UT (Tax & Chancery) UT-2022-000134 UT-2022-000135 UT-2022-000137 - [2025] UKUT 00214 (TCC)
Upper Tribunal Tax and Chancery Chamber

UT (Tax & Chancery) UT-2022-000134 UT-2022-000135 UT-2022-000137 - [2025] UKUT 00214 (TCC)

Fecha: 31-Ene-2025

Eurex Letter

Eurex Letter

226.

The Eurex Letter was sent to MSUSA as the member firm on the Exchange on 26 July 2016 and that letter was forwarded by MSUSA to MHI on 28 July 2016.

227.

The Eurex Letter asked about two instances which occurred on 29 June 2016:

“On 29th June 2016 starting from 12.58.50 pm (CET) four bid orders of 200 and 500 contracts were entered in the order book of the FBTP SEP 16. Some seconds later starting from 12.58.57 pm (CET) ask orders with a volume of 25 contracts in total were executed. Immediately after that, the four bid orders of 200 and 500 contracts had been cancelled without execution.

Almost the same scenario could be observed on the same day at 15.30 pm (CET).

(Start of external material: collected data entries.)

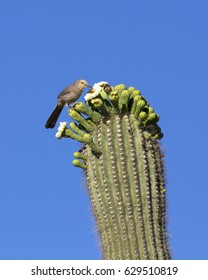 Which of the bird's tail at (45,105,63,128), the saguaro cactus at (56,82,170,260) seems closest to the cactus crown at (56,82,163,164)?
the saguaro cactus at (56,82,170,260)

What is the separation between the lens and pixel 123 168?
41.8 feet

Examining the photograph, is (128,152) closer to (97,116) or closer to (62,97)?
(97,116)

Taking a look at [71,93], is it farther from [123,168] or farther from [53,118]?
[123,168]

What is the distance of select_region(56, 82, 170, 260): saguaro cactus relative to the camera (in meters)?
12.8

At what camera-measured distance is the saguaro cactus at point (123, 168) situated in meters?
12.8

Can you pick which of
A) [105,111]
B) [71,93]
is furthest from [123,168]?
[71,93]

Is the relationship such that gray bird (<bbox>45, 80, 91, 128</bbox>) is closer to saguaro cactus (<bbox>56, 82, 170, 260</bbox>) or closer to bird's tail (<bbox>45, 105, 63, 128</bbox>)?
bird's tail (<bbox>45, 105, 63, 128</bbox>)

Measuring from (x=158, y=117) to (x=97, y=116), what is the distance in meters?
0.65

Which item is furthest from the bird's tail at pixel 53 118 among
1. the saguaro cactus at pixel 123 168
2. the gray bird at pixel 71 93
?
the saguaro cactus at pixel 123 168

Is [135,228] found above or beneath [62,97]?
beneath

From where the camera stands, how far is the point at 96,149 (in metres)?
12.9

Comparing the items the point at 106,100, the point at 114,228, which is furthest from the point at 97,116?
the point at 114,228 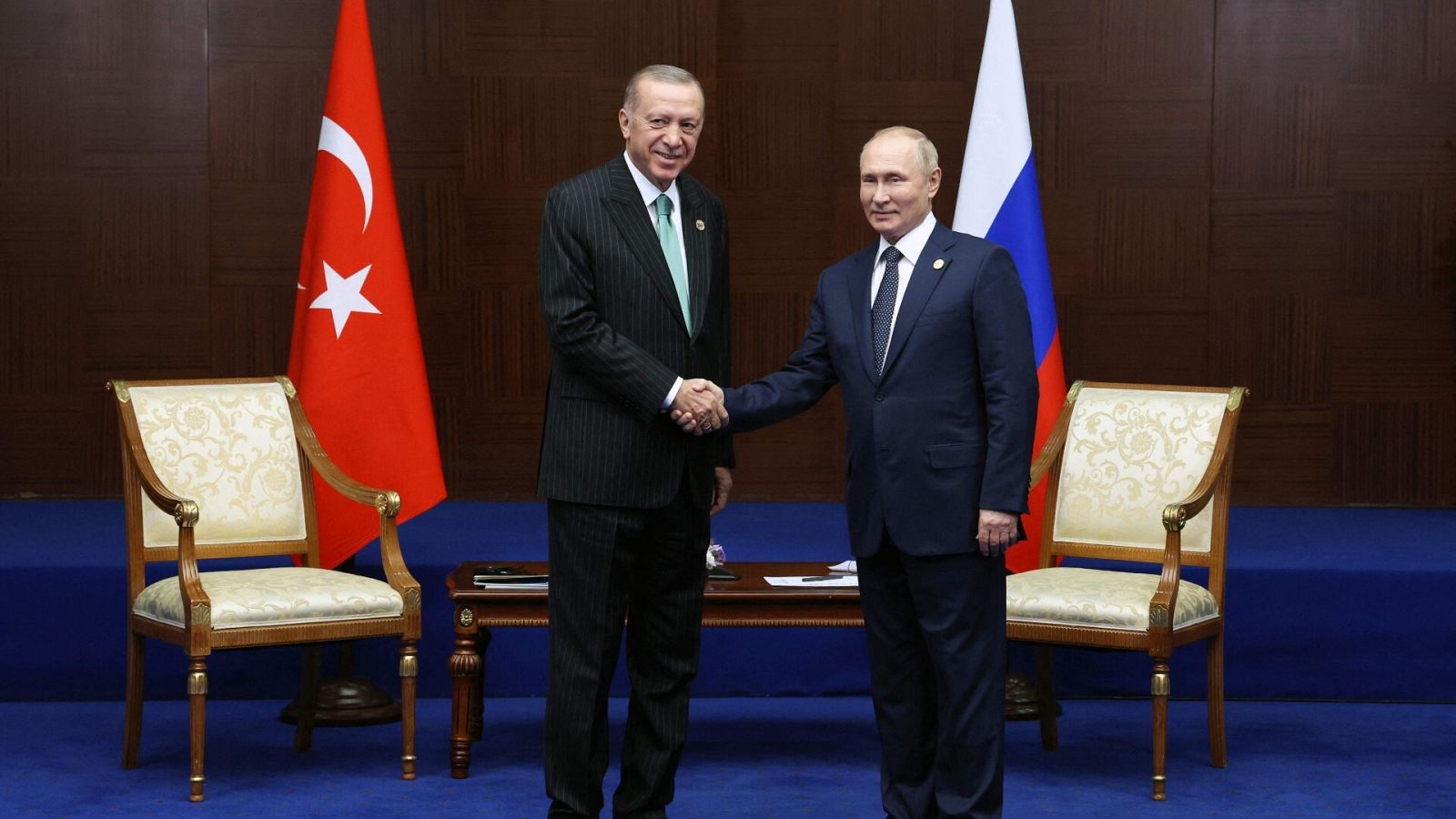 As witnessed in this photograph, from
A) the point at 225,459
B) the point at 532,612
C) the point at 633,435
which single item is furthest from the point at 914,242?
the point at 225,459

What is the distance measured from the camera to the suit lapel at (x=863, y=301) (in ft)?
10.1

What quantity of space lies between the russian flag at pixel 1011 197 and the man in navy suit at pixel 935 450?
147 cm

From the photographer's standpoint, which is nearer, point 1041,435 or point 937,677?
point 937,677

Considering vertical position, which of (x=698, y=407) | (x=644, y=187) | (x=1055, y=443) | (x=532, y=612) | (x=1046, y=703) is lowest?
(x=1046, y=703)

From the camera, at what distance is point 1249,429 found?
6340mm

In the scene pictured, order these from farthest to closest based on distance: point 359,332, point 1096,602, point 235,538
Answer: point 359,332 → point 235,538 → point 1096,602

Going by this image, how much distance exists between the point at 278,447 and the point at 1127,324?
11.4ft

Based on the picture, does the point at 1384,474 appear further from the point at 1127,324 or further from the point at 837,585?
the point at 837,585

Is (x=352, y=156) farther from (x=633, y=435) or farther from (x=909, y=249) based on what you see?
(x=909, y=249)

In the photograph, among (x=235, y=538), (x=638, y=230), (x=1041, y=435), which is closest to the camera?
(x=638, y=230)

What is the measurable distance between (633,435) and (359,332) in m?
1.61


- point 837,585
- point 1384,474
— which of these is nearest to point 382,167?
point 837,585

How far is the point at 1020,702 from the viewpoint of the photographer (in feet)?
14.7

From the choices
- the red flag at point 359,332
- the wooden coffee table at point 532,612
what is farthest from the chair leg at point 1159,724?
the red flag at point 359,332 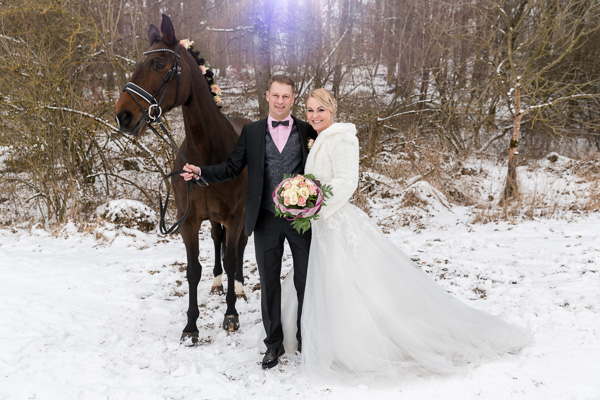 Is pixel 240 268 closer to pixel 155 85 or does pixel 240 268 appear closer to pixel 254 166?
pixel 254 166

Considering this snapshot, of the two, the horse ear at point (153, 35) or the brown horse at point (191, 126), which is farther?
the horse ear at point (153, 35)

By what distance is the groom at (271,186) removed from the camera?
262 cm

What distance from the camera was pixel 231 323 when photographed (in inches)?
129

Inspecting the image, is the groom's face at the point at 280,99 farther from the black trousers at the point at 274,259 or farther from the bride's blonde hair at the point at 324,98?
the black trousers at the point at 274,259

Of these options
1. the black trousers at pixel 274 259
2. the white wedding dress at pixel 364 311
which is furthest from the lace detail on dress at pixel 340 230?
the black trousers at pixel 274 259

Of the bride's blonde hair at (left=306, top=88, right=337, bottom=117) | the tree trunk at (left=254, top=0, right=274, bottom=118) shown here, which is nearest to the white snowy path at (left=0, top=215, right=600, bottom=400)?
the bride's blonde hair at (left=306, top=88, right=337, bottom=117)

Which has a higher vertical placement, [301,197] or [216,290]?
[301,197]

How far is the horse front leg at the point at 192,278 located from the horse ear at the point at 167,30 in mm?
1487

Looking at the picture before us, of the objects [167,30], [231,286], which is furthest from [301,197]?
[167,30]

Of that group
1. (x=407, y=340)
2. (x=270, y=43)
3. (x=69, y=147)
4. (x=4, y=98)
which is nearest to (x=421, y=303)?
(x=407, y=340)

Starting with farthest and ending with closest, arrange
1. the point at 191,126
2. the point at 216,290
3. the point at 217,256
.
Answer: the point at 217,256
the point at 216,290
the point at 191,126

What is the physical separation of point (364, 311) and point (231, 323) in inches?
54.3

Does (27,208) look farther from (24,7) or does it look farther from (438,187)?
(438,187)

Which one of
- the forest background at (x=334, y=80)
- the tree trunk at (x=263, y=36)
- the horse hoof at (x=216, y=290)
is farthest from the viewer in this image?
the tree trunk at (x=263, y=36) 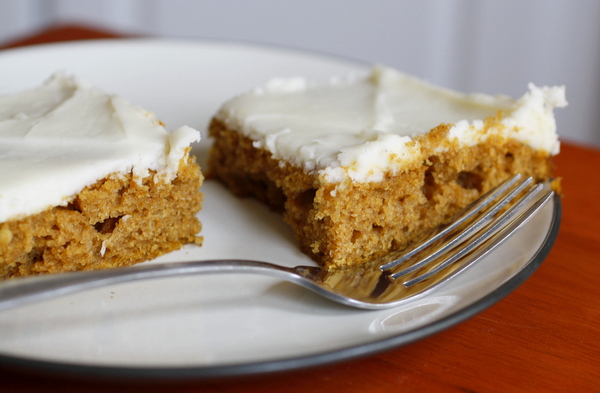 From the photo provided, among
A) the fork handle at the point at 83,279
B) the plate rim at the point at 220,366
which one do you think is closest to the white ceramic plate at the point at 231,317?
the plate rim at the point at 220,366

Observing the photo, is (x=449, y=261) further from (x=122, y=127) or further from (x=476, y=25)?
(x=476, y=25)

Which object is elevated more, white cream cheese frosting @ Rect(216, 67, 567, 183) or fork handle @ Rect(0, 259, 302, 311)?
white cream cheese frosting @ Rect(216, 67, 567, 183)

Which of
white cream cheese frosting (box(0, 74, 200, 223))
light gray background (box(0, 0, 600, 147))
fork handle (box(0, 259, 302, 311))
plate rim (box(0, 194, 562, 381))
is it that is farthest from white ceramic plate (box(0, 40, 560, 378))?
light gray background (box(0, 0, 600, 147))

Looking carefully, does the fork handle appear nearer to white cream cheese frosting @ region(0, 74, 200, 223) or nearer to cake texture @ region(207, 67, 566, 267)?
white cream cheese frosting @ region(0, 74, 200, 223)

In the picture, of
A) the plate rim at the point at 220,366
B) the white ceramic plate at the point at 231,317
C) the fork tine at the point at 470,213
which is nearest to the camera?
the plate rim at the point at 220,366

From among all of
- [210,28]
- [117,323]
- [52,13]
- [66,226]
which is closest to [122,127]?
[66,226]

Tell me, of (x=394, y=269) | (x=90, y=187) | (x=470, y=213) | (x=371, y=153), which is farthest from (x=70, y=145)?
(x=470, y=213)

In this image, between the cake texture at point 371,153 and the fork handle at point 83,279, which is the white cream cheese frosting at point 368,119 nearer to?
the cake texture at point 371,153
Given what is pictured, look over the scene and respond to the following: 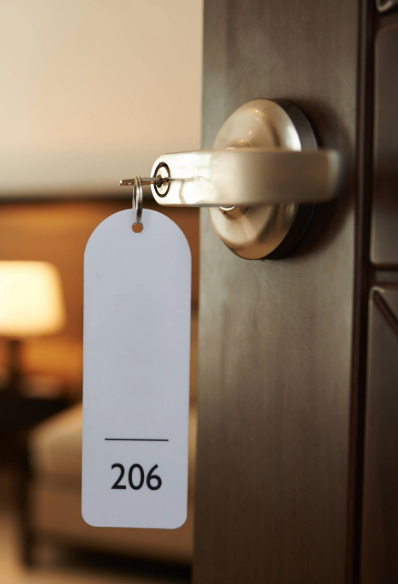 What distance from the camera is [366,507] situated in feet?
0.64

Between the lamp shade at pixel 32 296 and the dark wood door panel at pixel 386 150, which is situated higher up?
the dark wood door panel at pixel 386 150

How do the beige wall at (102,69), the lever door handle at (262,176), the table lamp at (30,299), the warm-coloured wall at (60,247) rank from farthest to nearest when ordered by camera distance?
1. the table lamp at (30,299)
2. the warm-coloured wall at (60,247)
3. the beige wall at (102,69)
4. the lever door handle at (262,176)

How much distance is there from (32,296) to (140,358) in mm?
1211

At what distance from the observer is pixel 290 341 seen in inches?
8.7

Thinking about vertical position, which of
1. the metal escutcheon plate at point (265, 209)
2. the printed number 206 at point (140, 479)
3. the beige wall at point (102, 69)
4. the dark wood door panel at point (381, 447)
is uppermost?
the beige wall at point (102, 69)

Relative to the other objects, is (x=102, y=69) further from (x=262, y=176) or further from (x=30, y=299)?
(x=30, y=299)

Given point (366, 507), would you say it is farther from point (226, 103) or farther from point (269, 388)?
point (226, 103)

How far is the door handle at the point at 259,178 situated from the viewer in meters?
0.18

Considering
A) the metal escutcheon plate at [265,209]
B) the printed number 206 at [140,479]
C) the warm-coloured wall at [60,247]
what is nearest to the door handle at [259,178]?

The two described trading scenarios could constitute a breach of §17 of the Exchange Rules of Eurex Deutschland and Eurex Zürich and §20a of the German Securities Trading Act (WpHG).

3.

Please explain the underlying strategy of the orders and transactions as detailed as possible. Please describe in particular why you entered bid orders with a high volume and traded on the ask side. Please also explain why you deleted the bid orders without execution.”

228.

The two instances identified are now referred to as F174 and F176, ie they are within the Instance Pool. These instances involved orders placed by Mr Lopez and Mr Sheth; no orders were placed by Mr Urra in these instances, although the Small Order in F176 was a hedge for a bond in Mr Urra’s book. More particularly:

(1)

F174 involved Mr Sheth placing three buy orders of 500 lots each and Mr Lopez placing a buy order of 200 lots at the same time as Mr Lopez had a 25 lot sell order on the market. The buy orders were cancelled after the sell order traded.

(2)

F176 involved Mr Sheth placing a series of seven buy orders of 500 lots each (not all of which overlapped) whilst having an 80 lot sell order on the market, followed by a 10 lot sell order. Some of the buy orders were cancelled before the sell orders had traded fully, and once the sell orders had traded the remaining buy orders were cancelled.

229.

Mr Urra was informed of this letter on 28 or 29 July 2016. He attended an interview with Compliance at 8.30 am on 29 July 2016, returned with a note of his initial thoughts at midday, produced a revised note on 2 August 2016 and was interviewed again on 5 August 2016. Mr Sheth was interviewed by Compliance on 3 and 10 August 2016. (Mr Lopez was on holiday for the first two weeks in August 2016 and he was not interviewed by Compliance until 29 September 2016, ie after MHI had responded to the Eurex Letter.)

230.

The pattern of trading activity ceased immediately. On 28 July 2016 there were nine instances (F225 to F233) which between them involved each of the Traders, with F233 taking place at around 4pm on 28 July 2016. The Tribunal finds that Compliance told Mr Urra that the Desk must no longer place large orders in Futures away from the touch and that he informed Mr Lopez and Mr Sheth of this instruction.

231.

MHI responded to MSUSA on 22 August 2016. That letter, which was sent by Mr Joshi, had been reviewed by Mr Heiberg and others at MHI, as well as MHI’s legal advisors. MSUSA then provided this response to the Exchange.

232.

MHI’s response to MSUSA included:

(1)

Futures are used for hedging of positions (or potential positions) arising from cash bond transactions executed with clients.

(2)

The desk also seeks to build “basis/curve” positions using cash bond positions and futures positions at levels which would be attractive for clients.

(3)

The “ask” orders were entered and executed to hedge transactions in cash bonds, the “bid” orders were “to establish a “basis/curve” position of some size within the firm’s market making book at an attractive level for clients. These orders also help traders to understand the direction and depth of the market”. The “bid” orders were placed at about the same time as the ask orders as the “desk was of the view that there may have been interest in an order of this size due to potential wider selling activity in the government bond market at that time”. The bid orders were deleted without execution as the desk determined that the market interest at this size and price level had not materialised.

(4)

MHI’s traders have emphasised that the orders put to the market are real executable orders; if the order is filled, this is fully honoured and the transaction is settled. MHI has in an economic sense its capital at risk.

(5)

The large multiple orders were a result of a trader who intended to amend the bid price for an existing order but instead entering new orders and failing to cancel the previous orders and as being a mistake.

(6)

MHI’s management has instructed its traders “not to place these types of order on the Exchange until further notice”.

233.

The Exchange acknowledged receipt of this letter and did not ask any further questions.